## Work task
Below this line is a listing that includes pictures. Copy exactly, and only, the lines from the one containing "Fauteuil bouclette pieds" through the one containing "2026 Topps Now"; the pictures do not go in the copy.

## Excerpted records
━━━━━━━━━━

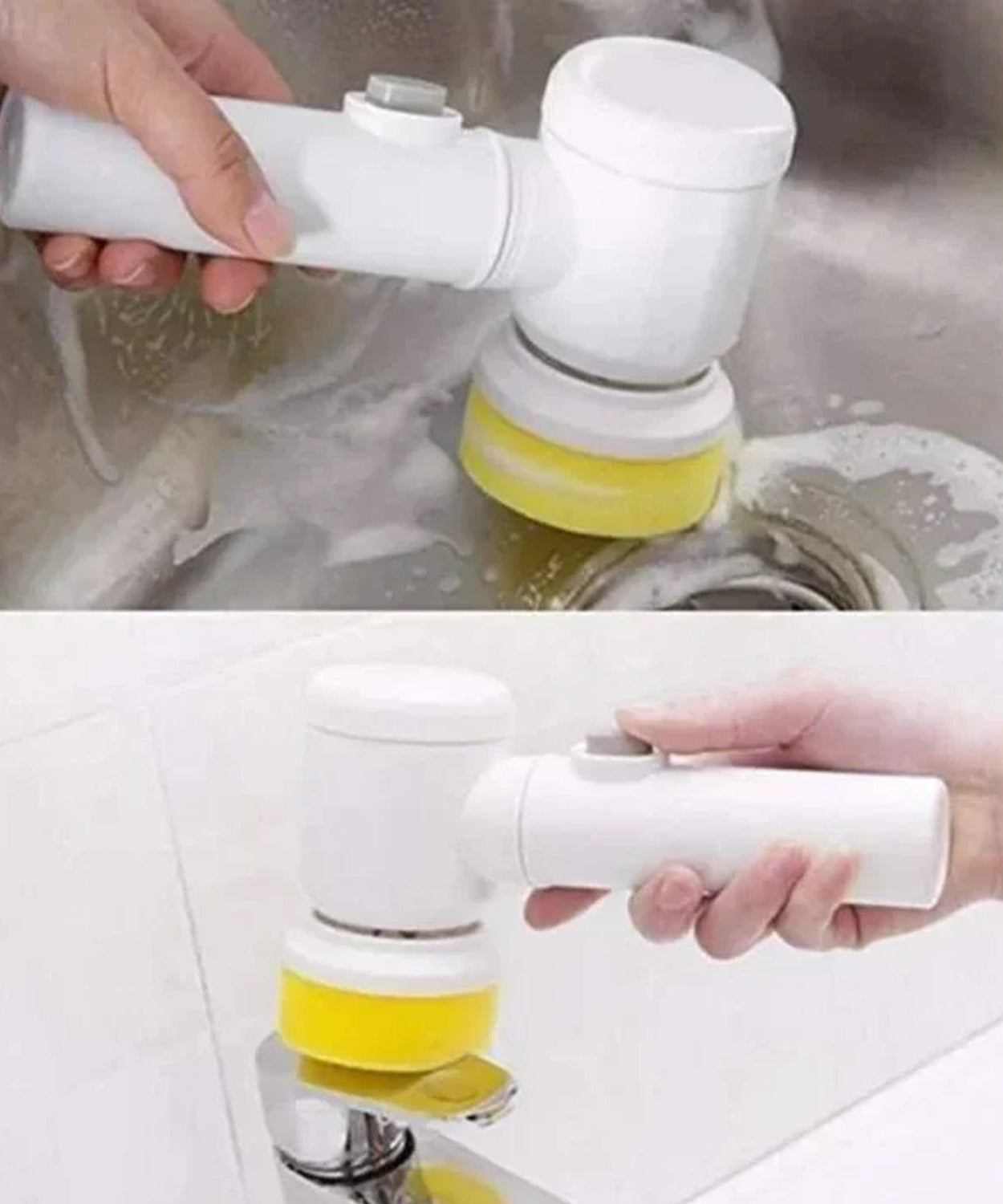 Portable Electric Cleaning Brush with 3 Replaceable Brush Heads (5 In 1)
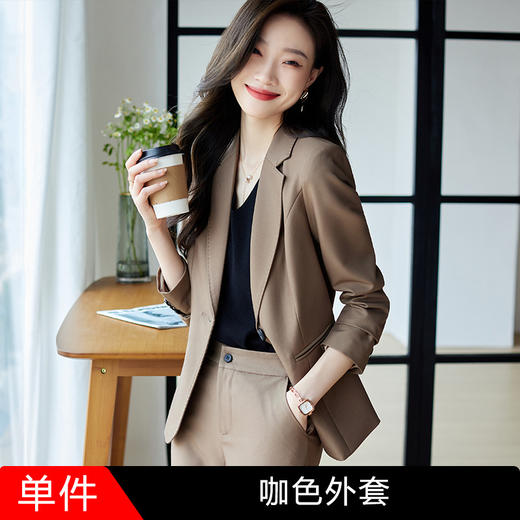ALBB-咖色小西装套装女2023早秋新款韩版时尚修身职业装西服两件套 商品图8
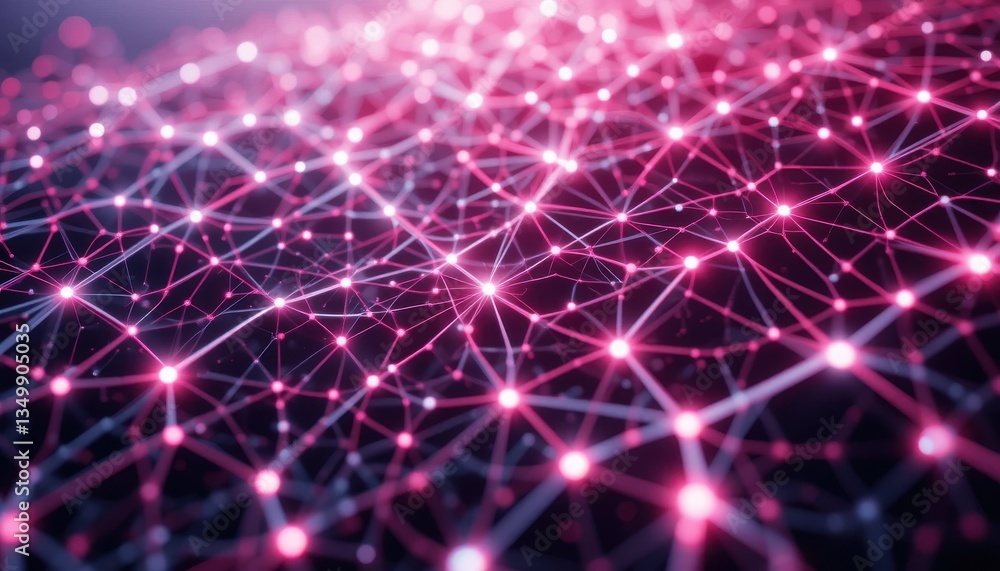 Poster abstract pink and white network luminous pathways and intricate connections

━━━━━━━━━━

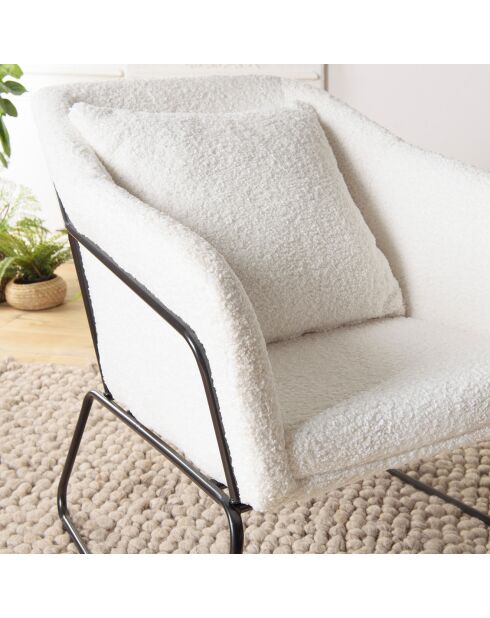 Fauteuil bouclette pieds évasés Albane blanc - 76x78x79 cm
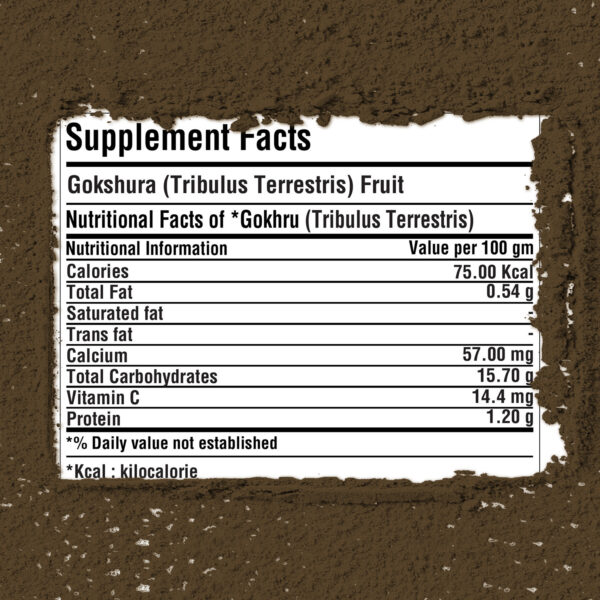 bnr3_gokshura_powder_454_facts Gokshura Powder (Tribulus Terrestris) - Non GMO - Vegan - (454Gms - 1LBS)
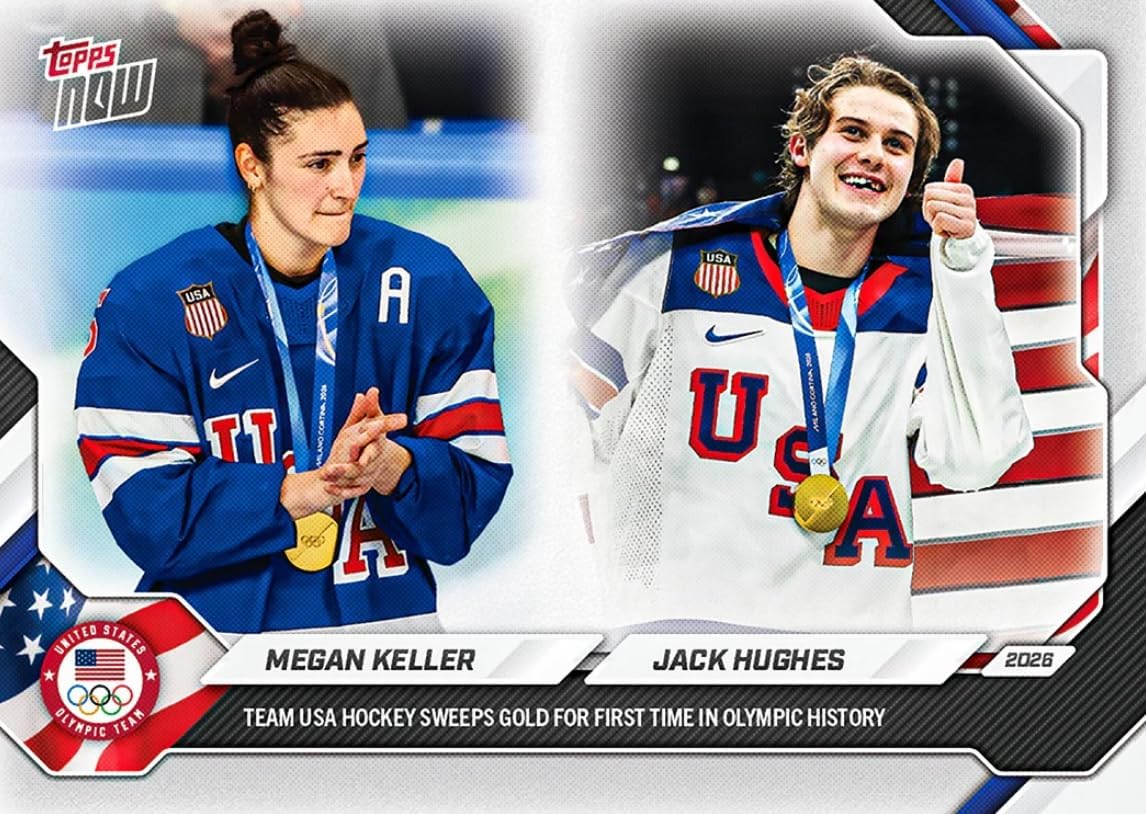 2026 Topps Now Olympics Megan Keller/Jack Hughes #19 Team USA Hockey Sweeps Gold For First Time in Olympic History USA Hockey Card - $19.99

━━━━━━━━━━

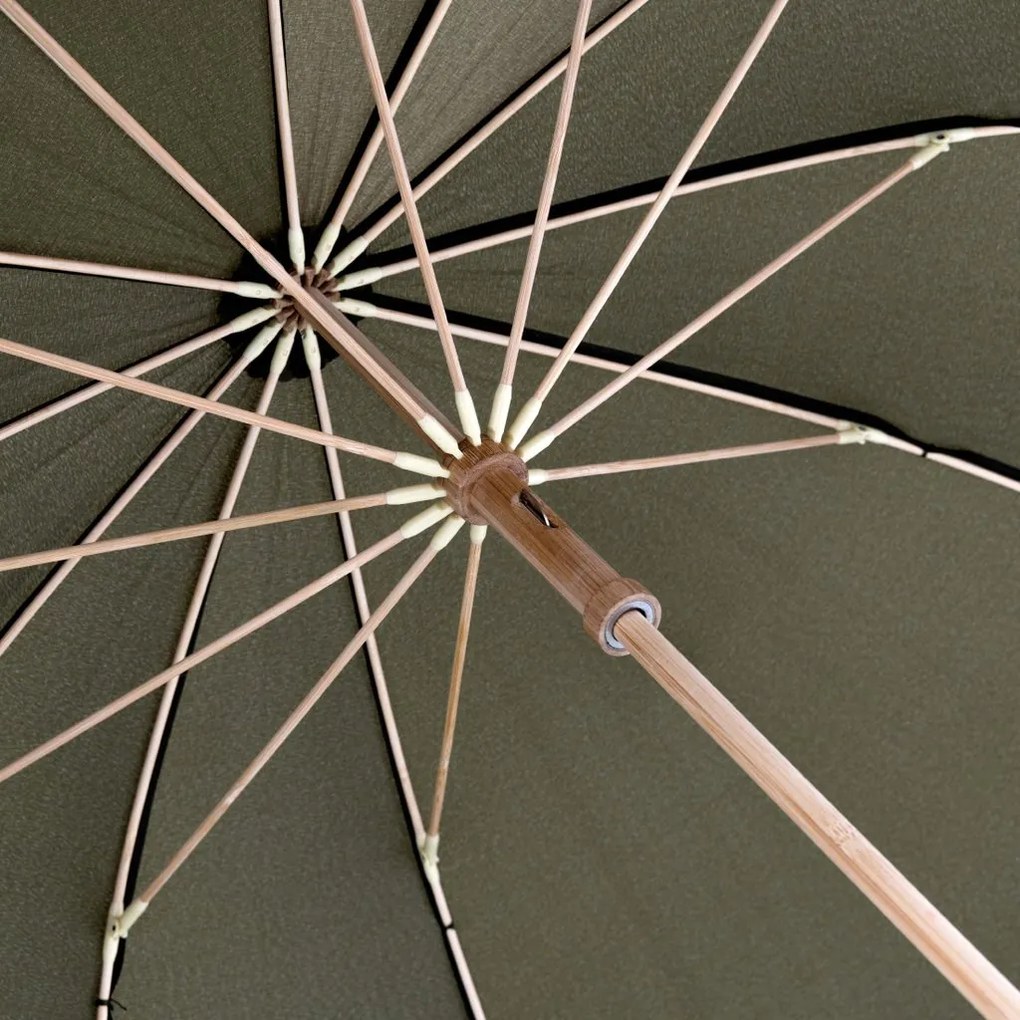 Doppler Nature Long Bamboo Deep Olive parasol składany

━━━━━━━━━━

## Solution
 Fauteuil bouclette pieds évasés Albane blanc - 76x78x79 cm
 bnr3_gokshura_powder_454_facts Gokshura Powder (Tribulus Terrestris) - Non GMO - Vegan - (454Gms - 1LBS)
 2026 Topps Now Olympics Megan Keller/Jack Hughes #19 Team USA Hockey Sweeps Gold For First Time in Olympic History USA Hockey Card - $19.99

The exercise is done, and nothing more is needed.